C++11 initializer list fails - but only on lists of length 2
I tracked down an obscure logging bug to the fact that initializer lists of length 2 appear to be a special case! How is this possible?
The code was compiled with Apple LLVM version 5.1 (clang-503.0.40), using CXXFLAGS=-std=c++11 -stdlib=libc++
.
#include <stdio.h>
#include <string>
#include <vector>
using namespace std;
typedef vector<string> Strings;
void print(string const& s) {
printf(s.c_str());
printf("\n");
}
void print(Strings const& ss, string const& name) {
print("Test " + name);
print("Number of strings: " + to_string(ss.size()));
for (auto& s: ss) {
auto t = "length = " + to_string(s.size()) + ": " + s;
print(t);
}
print("\n");
}
void test() {
Strings a{{"hello"}}; print(a, "a");
Strings b{{"hello", "there"}}; print(b, "b");
Strings c{{"hello", "there", "kids"}}; print(c, "c");
Strings A{"hello"}; print(A, "A");
Strings B{"hello", "there"}; print(B, "B");
Strings C{"hello", "there", "kids"}; print(C, "C");
}
int main() {
test();
}
Output:
Test a
Number of strings: 1
length = 5: hello
Test b
Number of strings: 1
length = 8: hello
Test c
Number of strings: 3
length = 5: hello
length = 5: there
length = 4: kids
Test A
Number of strings: 1
length = 5: hello
Test B
Number of strings: 2
length = 5: hello
length = 5: there
Test C
Number of strings: 3
length = 5: hello
length = 5: there
length = 4: kids
I should also add that the length of the bogus string in test b seems to be indeterminate - it's always greater than the first initializer string but has varied from one more than the length of the first string to the total of the lengths of the two strings in the initializer.
Solution 1:
Introduction
Imagine the following declaration, and usage:
struct A {
A (std::initializer_list<std::string>);
};
A {{"a" }}; // (A), initialization of 1 string
A {{"a", "b" }}; // (B), initialization of 1 string << !!
A {{"a", "b", "c"}}; // (C), initialization of 3 strings
In (A) and (C), each c-style string is causing the initialization of one (1) std::string, but, as you have stated in your question, (B) differs.
The compiler sees that it's possible to construct a std::string using a begin- and end-iterator, and upon parsing statement (B) it will prefer such construct over using "a"
and "b"
as individual initializers for two elements.

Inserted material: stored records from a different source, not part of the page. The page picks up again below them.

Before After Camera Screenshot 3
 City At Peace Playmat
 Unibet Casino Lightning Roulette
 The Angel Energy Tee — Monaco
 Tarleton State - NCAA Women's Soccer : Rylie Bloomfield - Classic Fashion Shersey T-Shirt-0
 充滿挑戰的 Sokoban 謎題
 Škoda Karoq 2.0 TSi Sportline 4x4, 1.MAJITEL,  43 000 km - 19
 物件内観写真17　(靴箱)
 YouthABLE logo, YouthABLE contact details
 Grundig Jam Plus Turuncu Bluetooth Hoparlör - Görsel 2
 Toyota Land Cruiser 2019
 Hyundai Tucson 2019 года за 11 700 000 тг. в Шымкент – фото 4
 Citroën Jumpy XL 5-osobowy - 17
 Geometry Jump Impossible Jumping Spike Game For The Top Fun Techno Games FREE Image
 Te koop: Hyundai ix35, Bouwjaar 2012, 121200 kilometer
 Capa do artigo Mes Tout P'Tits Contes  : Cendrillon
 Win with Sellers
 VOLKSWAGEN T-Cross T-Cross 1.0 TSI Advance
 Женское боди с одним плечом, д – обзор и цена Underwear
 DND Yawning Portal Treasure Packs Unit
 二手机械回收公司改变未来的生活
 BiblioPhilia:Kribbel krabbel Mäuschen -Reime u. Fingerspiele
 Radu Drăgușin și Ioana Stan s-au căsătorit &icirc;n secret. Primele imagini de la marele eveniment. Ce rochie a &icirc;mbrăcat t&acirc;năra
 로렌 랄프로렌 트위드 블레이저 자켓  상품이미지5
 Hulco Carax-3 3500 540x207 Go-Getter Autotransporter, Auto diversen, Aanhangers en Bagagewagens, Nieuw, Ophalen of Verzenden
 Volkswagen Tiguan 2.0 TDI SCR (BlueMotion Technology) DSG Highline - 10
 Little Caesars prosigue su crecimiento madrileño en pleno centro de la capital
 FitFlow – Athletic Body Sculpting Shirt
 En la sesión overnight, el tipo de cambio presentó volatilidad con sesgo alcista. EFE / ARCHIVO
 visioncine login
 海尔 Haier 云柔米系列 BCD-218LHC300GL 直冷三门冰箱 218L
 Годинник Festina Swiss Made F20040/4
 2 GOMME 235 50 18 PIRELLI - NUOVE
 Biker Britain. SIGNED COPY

A { std::string { "a", "b" } }; // the compiler's interpretation of (B)
Note: The type of
"a"
and"b"
ischar const[2]
, a type which can implicitly decay into achar const*
, a pointer-type which is suitable to act like an iterator denoting either begin or end when creating a std::string.. but we must be careful: we are causing undefined-behavior since there is no (guaranteed) relation between the two pointers upon invoking said constructor.
Explanation
When you invoke a constructor taking an std::initializer_list using double braces {{ a, b, ... }}
, there are two possible interpretations:
-
The outer braces refer to the constructor itself, the inner braces denotes the elements to take part in the std::initializer_list, or:
-
The outer braces refer to the std::initializer_list, whereas the inner braces denotes the initialization of an element inside it.
It's prefered to do 2) whenever that is possible, and since std::string
has a constructor taking two iterators, it is the one being called when you have std::vector<std::string> {{ "hello", "there" }}
.
Further example:
std::vector<std::string> {{"this", "is"}, {"stackoverflow"}}.size (); // yields 2
Solution
Don't use double braces for such initialization.
Solution 2:
First of all, this is undefined behaviour unless I'm missing something obvious. Now let me explain. The vector is being constructed from an initializer list of strings. However this list only contains one string. This string is formed by the inner {"Hello", "there"}
. How? With the iterator constructor. Essentially, for (auto it = "Hello"; it != "there"; ++it)
is forming a string containing Hello\0
.
For a simple example, see here. While UB is reason enough, it would seem the second literal is being placed right after the first in memory. As a bonus, do "Hello", "Hello"
and you'll probably get a string of length 0. If you don't understand anything in here, I recommend reading Filip's excellent answer.